Неформально главный на Кавказе уже много лет Кадыров — он фактически создал собственную армию, его люди в Москве выполняют функции резидентов его личных силовых структур и вершат правосудие. И его, в отличие от лидеров соседних республик, Москва сменить не в силах. И он прекрасно это знает.
По соседней Ингушетии, где, кстати, во время второй чеченской войны укрывались тысячи мирных и не очень жителей Чечни, он проходит как хозяин — то ищет банды Доку Умарова, то завозит технику и строит дороги, отправляясь с экспедициями по спорным территориям. И вот — договор о дружбе и границах. Его партнер Евкуров тоже человек не простой, герой России и ветеран ГРУ.
Тут же в Ингушетии митинги — жители обнаруживают, что в Чечню ушли их родовые башни, а на новых границах появились блокпосты. Митинговая волна захватывает Магас и Назрань. Тут дело даже не в том, равноценными ли участками обменялись Чечня и Ингушетия, а что нарисовался старший партнер, региональная сверхдержава с особыми бюджетными привилегиями и связями в Москве. Что дозволено пехотинцу Путина, не дозволено ингушскому крестьянину.
Евкуров пытается сдержать своих и даже задерживает активистов. На горизонте митингового сентября появляется забытая инстанция — Конституционный суд Ингушетии, который денонсирует договор. Народ ликует, а Кадыров продолжает грозить: «Если вы мужчины — придите на мою территорию и сделайте там хоть один митинг. Если вы оттуда живыми уйдете, я тот, кем вы меня обзываете».
Евкуров не идет к митингующим. Это не Кадыров, который сам митинги организует и их возглавляет. Его козырь — рассудительность, а его слабость — демократия.
Глава Ингушетии Юнус-Бек Евкуров: Тяжело выходить к такому количеству людей, я не хочу называть народ свой толпой, но к такому количеству людей и пытаться в микрофон объяснить необъяснимое в той ситуации. Объяснить необъяснимое, потому что для того, чтобы объяснить, должна быть группа лиц, карты развешаны, специалисты, комиссии должны сесть и всё рассказать.

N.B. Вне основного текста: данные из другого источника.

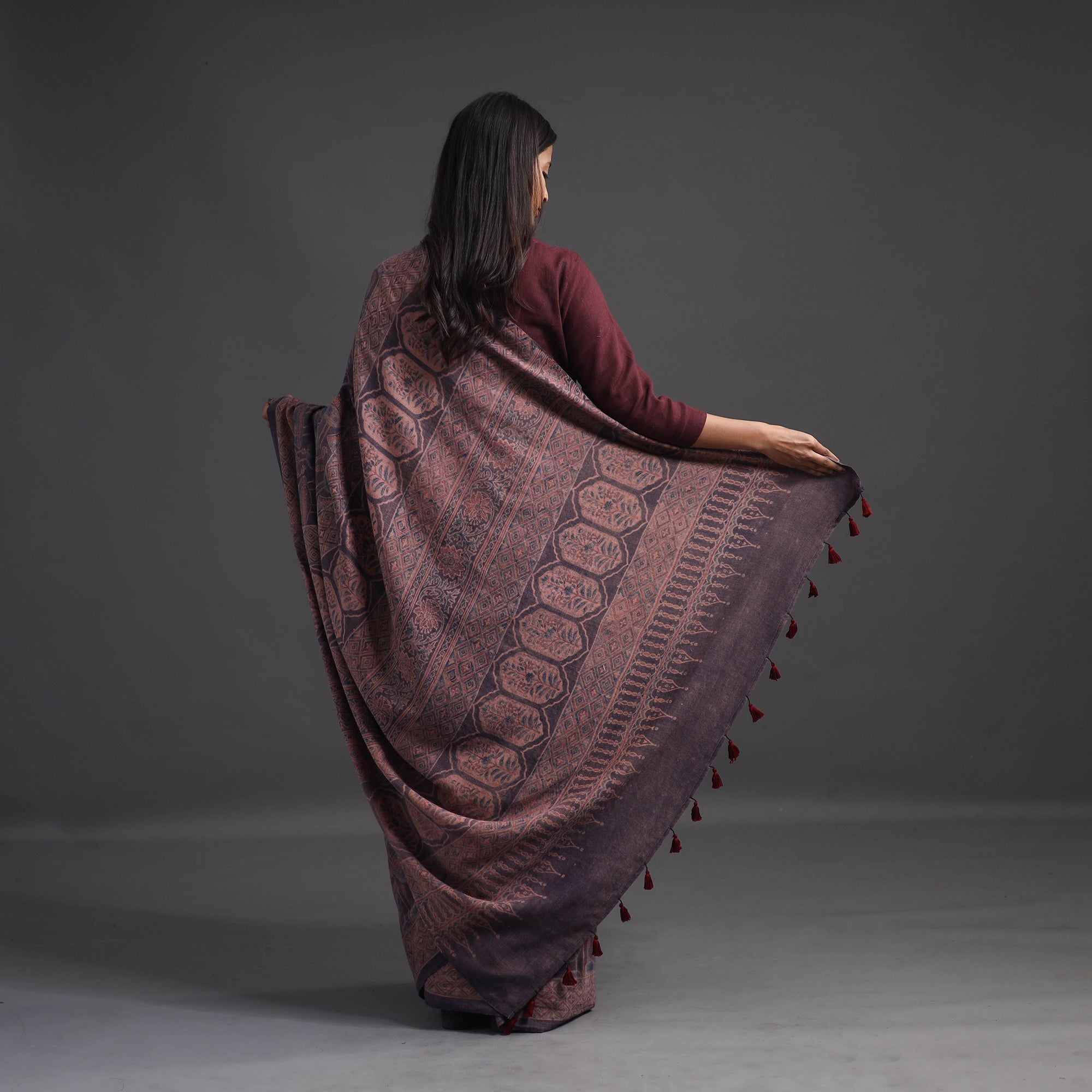 AJRAKH BY JABBAR KHATRI Brown - Merino Wool Block Print Ajrakh Saree with Tassels 06 - view 4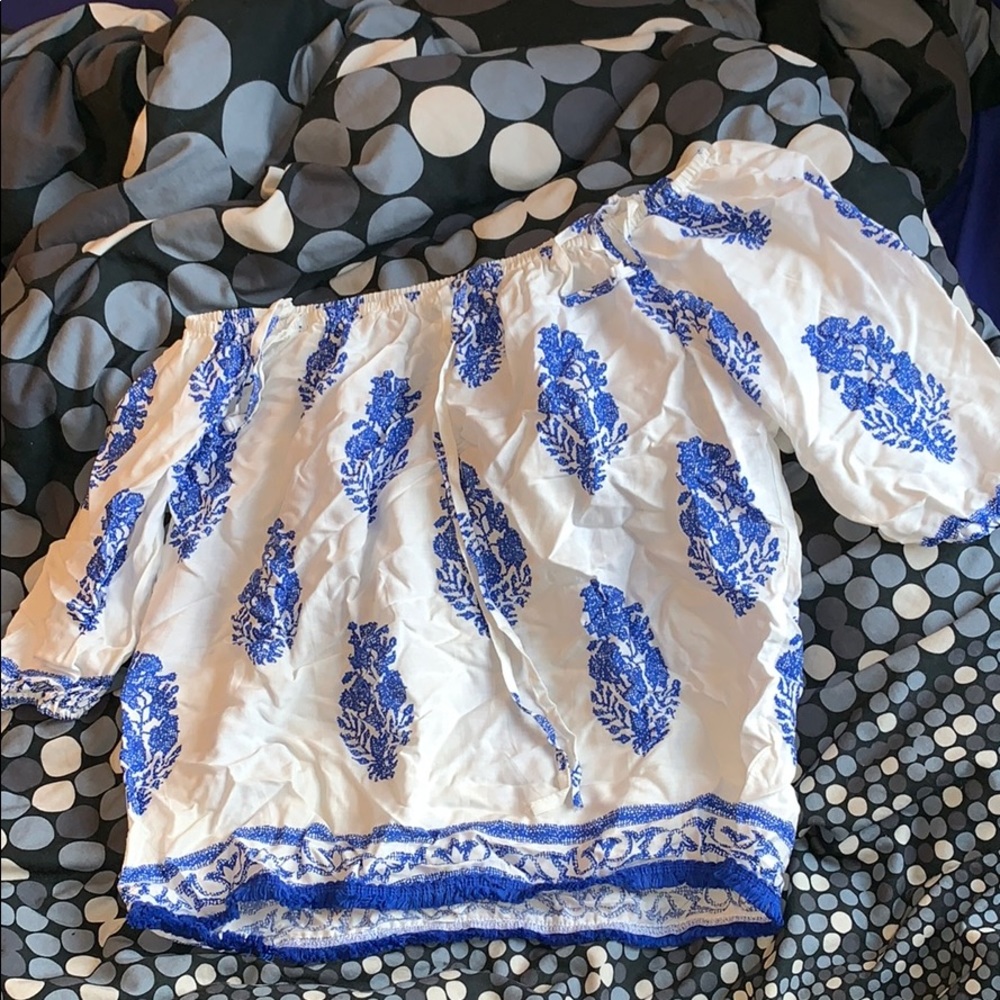 Off the shoulder blue and white top
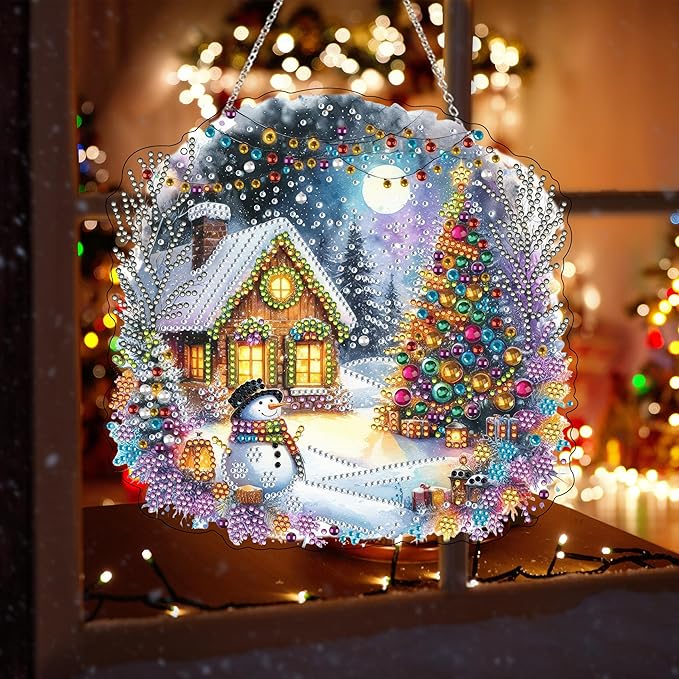 JJFox DIY Acrylic Diamond Art Painting Wreath Kits Special Shaped Rhinestone Diamond Art Window Pendants Home Garden Wall Hanging Kits Hanging Ornament (Christmas)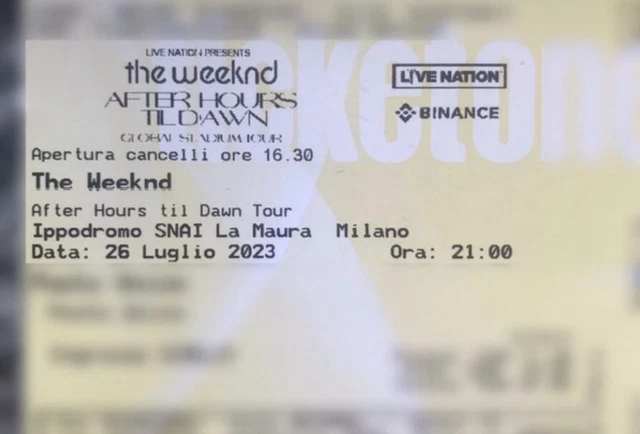 2 Biglietti concerto the weeknd 26/07/23 Milano, Posto unico Ingresso Giallo
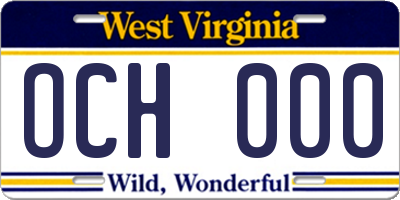 WV license plate OCH000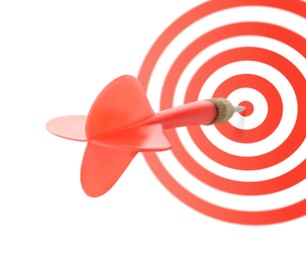 Image of Targeting. One dart in center of bullseye on white background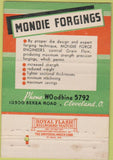 Matchbook Cover - Mondie Forge Co Cleveland OH 40 Strike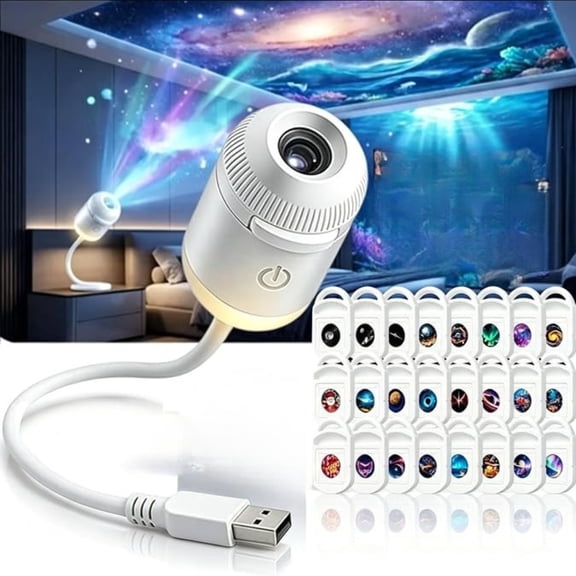 2026 Enhanced HD Smart Dynamic 5D Holographic Projector Lamp, 24 Unique Image Slides, Bendable USB Cable Design For Custom Ceiling And Wall Projection Angles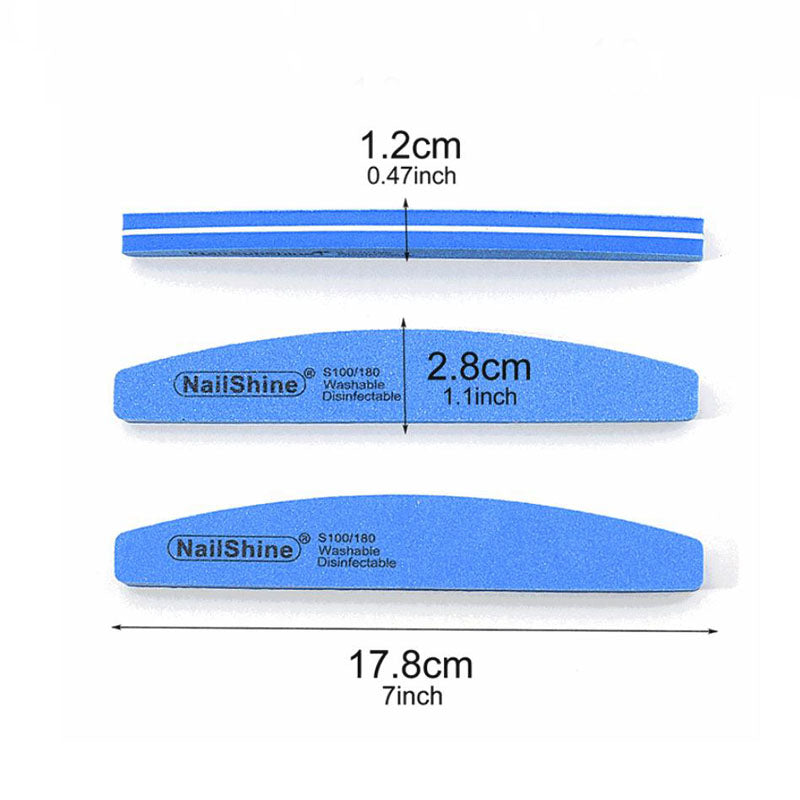 Halfmoon Nail Buffers File Tools, Dual Side 100/180 Polishing Grinding, Manicure Pedicure Essentials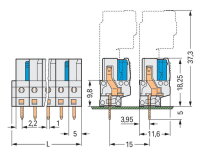 Pružinová svorkovnice THT rovná 5 mm šedá 11pól. WAGO 722-141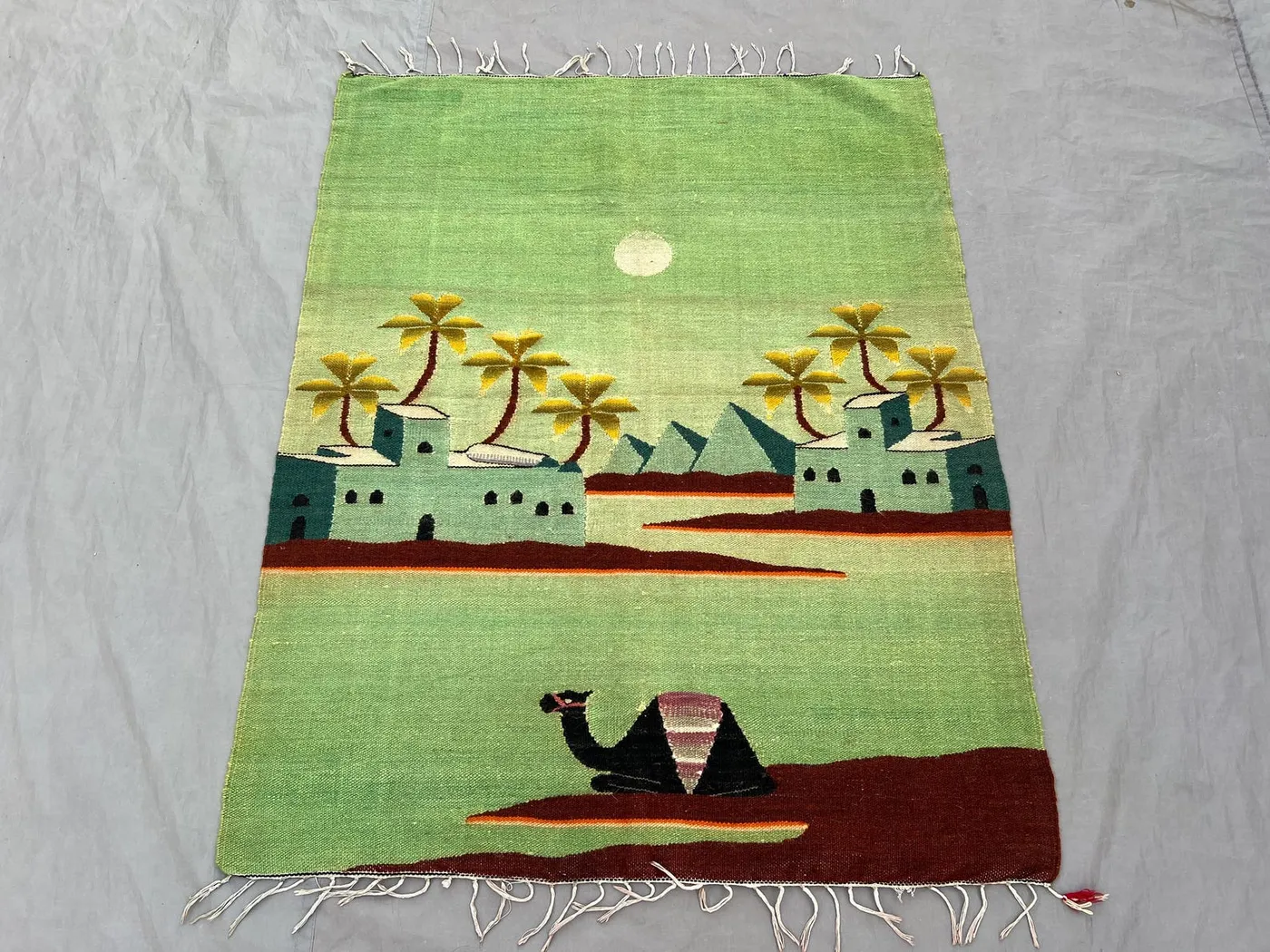 Vintage Afghan pictorial kilim 3 x 4 ft handwoven flat weave with desert scene unique Middle Eastern landscape maimana design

Чечено-ингушский кризис ярче, чем что-то другое, показал: в России при наличии правильных названий — главы республик, парламенты, суды, — в критические моменты включаются совсем другие слова. Мужчины, обычаи, война — все атрибуты удельных княжеств и суверенов. Евкуров распорядился не пускать в республику чеченских силовиков без его согласия — что это, если не некое смешение понятий федерального МВД и частной армии?
Рамзан Кадыров со свитой прибывает в Ингушетию просто «поговорить за чаем» с недовольными активистами. А председатель чеченского парламента Магомед Даудов по кличке Лорд, от имени которого трясутся поджилки и вспоминаются мрачные истории о пыточных подвалах, — этот мирный спикер едет в Ингушетию утихомиривать несогласных.
Евкурову легче приструнить своих, чтобы не разжигать аппетиты брата и соседа, потому что в Средневековье — а осенью 2018 года мы наблюдали именно типичный пограничный конфликт эпохи Священной Римской империи — именно споры между братьями о кусочке земли становились поводом для многолетних кровопусканий.